Project

General

Profile

Bug #43119

Fix potential race condition when creating jails

Added by Erin Clark about 2 years ago. Updated about 2 years ago.

Status:
Done
Priority:
No priority
Assignee:
Waqar Ahmed
Category:
Middleware
Target version:
Severity:
Medium
Reason for Closing:
Reason for Blocked:
Needs QA:
No
Needs Doc:
No
Needs Merging:
No
Needs Automation:
No
Support Suite Ticket:
n/a
Hardware Configuration:
ChangeLog Required:
No

Description

Part of this original ticket was a UI thing which I am fixing in the original ticket, however there seem to be some middleware issues with jail create and jail.query so I am copying this for the middleware team so I can fix the UI part in its own ticket. The behavior I am seeing is that the jail.create will succeed and then go to the table where jail.query happens and returns [], which is what makes the jails look like they disappeared.

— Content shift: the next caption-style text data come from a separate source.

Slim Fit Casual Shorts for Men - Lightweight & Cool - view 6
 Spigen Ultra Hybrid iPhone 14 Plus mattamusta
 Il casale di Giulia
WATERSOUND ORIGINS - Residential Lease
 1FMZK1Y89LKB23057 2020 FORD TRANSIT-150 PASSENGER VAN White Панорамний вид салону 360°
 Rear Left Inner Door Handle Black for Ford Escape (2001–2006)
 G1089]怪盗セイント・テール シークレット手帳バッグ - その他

Creating a jail using the Basic Wizard can cause all jails to disappear.
Navigating away and back they re-appear.

I initially thought using a hyphen in the Jail Name was the issue.
I was able to cause the disappearing jail issue to happen without a hyphen in the name as well.

I am unable to create a new jail using the Advanced Jail Wizard. (With or without a hyphen.)

Clicking Save gives the Please Wait spinner, the Jail isn't created and "list index out of range" shows up in the top left corner.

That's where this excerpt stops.